Thursday, August 13, 2009

CONSTRUCTED WET LAND



constructed wet land (lahan basah yang sengaja dibuat) adalah salah satu system pengolahan limbah yang prinsipnya cenderung meniru proses purifikasi di alam.

System ini banyak digunakan untuk penanganan limbah domestik komunal dan limbah pertanian. Salah satu prasyarat yang diperlukan adalah tersedianya lahan.

1. SISTEM PENGOLAHAN

Terdapat beberapa tipe system pengolahan dasar (basic Treatment System) yang masuk katagori constructed wet land :

a. Treatment diatas permukaan tanah.

b. Filtrasi dengan aliran vertical

c. Filtrasi dengan aliran horizontal.


Treatment diatas permukaan

Dilakukan dengan menyebarkan air limbah secara teratur di atas permukaan tanah dibentuk sedemikian rupa hingga contournya bertingkat sesuai dengan desain.


Filtrasi dengan aliran vertikal

Dilakukan dengan membagi limabh ke beberapa filter bed (2 atau 3 unit) secara bergantian. Pembagian limbah secara bergantian dilakukan dengan pengaturan klep sehingga diperlukan operator untuk pengoperasiannya.

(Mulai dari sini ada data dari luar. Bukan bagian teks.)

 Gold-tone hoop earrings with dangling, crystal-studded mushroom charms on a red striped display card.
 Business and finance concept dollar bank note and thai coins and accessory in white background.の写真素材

Filtrasi dengan aliran horizontal

Dilakukan dengan mengalirkan limbah melewati media filter secara horizontal. Cara ini sederhana dan praktis tidak membutuhkan perawatan, bila didesain dan dibangun dengan baik.

2. FILTRASI HORISONTAL

Penyumbatan adalah merupakan salah satu factor yang perlu diperhatikan dalam filtrasi ini. Bila terjadi penyumbatan maka konstruksi tersebut tidak akan berfungsi dengan semestinya dan perlu dilakukan pembongkaran serta penggantian media dan pekerjaan tersebut merupakan pekerjaan yang menyulitkan.

Karena itu pemilihan media merupakan hal yang sangat penting di dalam mendesain filtrasi ini.

Beberapa syarat yang perlu diperhatikan untuk aplikasi :

1. Sediment di dalam limbah cair harus cukup rendah.

2. suspended solid yang terendapkan harus kurang dari 100 ml/l.

3. COD dari limbah tidak lebih dari 4000 mg/l.

Banyak teori dan pendapat yang menjelaskan proses yang terjadi, tetapi terdapat beberapa patokan logis yang perlu diperhatikan di dalam mendesain dalam pelaksanaan konstruksi filtrasi horizontal, adalah :

- filter bed yang luas dan tidak terlampau dalam.

- Zona inlet yang lebih luas.

- Perlu diatur agar aliran terdistribusi secara merata pada seluruh lebar zona inlet.

- Memakai gravel dengan bentuk yang relative bulat dan ukuran yang hampir sama untuk media.

Agar tidak terjadi percolasi air limbah karena kebocoran, maka konstruksi filter filter dibuat dengan :

- lapisan tanah lait yang kedap air.

- Plastik

- Pasangan (beton, pasangan batu).

3. TANAMAN

Tanaman yang digunakan untuk menutup filter media adalah :

- yang hidup di air limbah

- yang mempunyai pola perakaran yang dalam dan luas hingga dapat menjalar dan menembus sela filter media dan mencengkeram.

BORDA (Brement Overseas Research & Development Association) melaporkan bahwa Phragmites Australis (Glagah, Parumpung, Kasongket) merupakan tanaman yang amat baik digunakan pada konstruksi ini.